2. Remitting premiums to the insurer after the expiry of the
grace period on a regular basis so that the arrearage period
is constant.
3. The retention of premiums by an agent or broker to whom
the financial institution remits premiums for a period of time
which is not reasonably related to the time needed for the agent
or broker to remit the premium to the insurer, if such delay
is a continuing feature of the premium paying process.
4. Any other practice which unduly delays receipt of premiums
by the insurer on a regular basis, or which is followed by an
insurer when such practice involves the use of the financial
resources of the insurer for the benefit of the financial institution.
The foregoing criteria apply regardless of whether premiums
are due the insurer on the single premium advance system or
on the monthly outstanding balance system.
The practices described above benefit the institution collecting
the premiums in that the institution has the use of that money
at little or no cost.
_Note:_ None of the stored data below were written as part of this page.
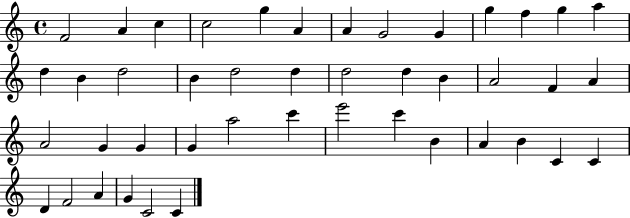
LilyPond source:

{
  \clef treble
  \time 4/4
  \defaultTimeSignature
  \key c \major
  f'2 a'4 c''4 | c''2 g''4 a'4 | a'4 g'2 g'4 | g''4 f''4 g''4 a''4 | \break d''4 b'4 d''2 | b'4 d''2 d''4 | d''2 d''4 b'4 | a'2 f'4 a'4 | \break a'2 g'4 g'4 | g'4 a''2 c'''4 | e'''2 c'''4 b'4 | a'4 b'4 c'4 c'4 | \break d'4 f'2 a'4 | g'4 c'2 c'4 | \bar "|."
}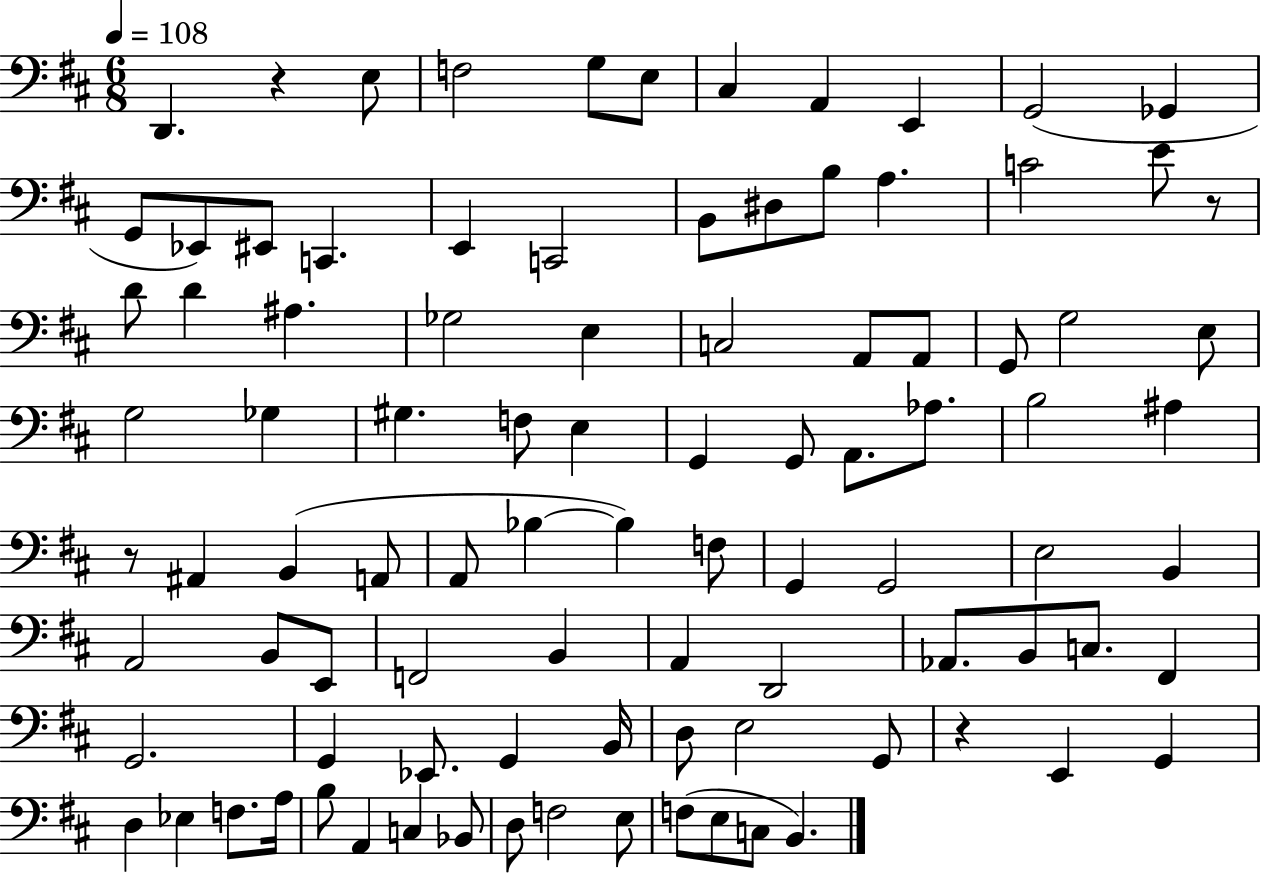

Section 2024 of the Insurance Code of
1956, as amended (Code), provides:
The following are defined as unfair methods of competition
and unfair and deceptive acts or practices in the business of
insurance:
Except as otherwise expressly provided by law, knowingly permitting
or offering to make or making any contract of life insurance,
life annuity or accident and health insurance, or agreement
as to such contract other than as plainly expressed in the contract
issued thereon, or paying or allowing or giving or
offering to pay, allow, or give, directly or indirectly, as
inducement to such insurance, or annuity, any rebate of premiums
payable on the contract, or any special favor or advantage in
the dividends or other benefits thereon, or any valuable consideration
or inducement whatever not specified in the contract; or giving,
or selling, or purchasing or offering to give, sell, or purchase
as inducement of such insurance or annuity or in connection
therewith, any stocks, bonds, or other securities of any insurance
company or other corporation, association, or partnership, or
any dividends or profits accrued thereon, or anything of value
whatsoever not specified in the contract.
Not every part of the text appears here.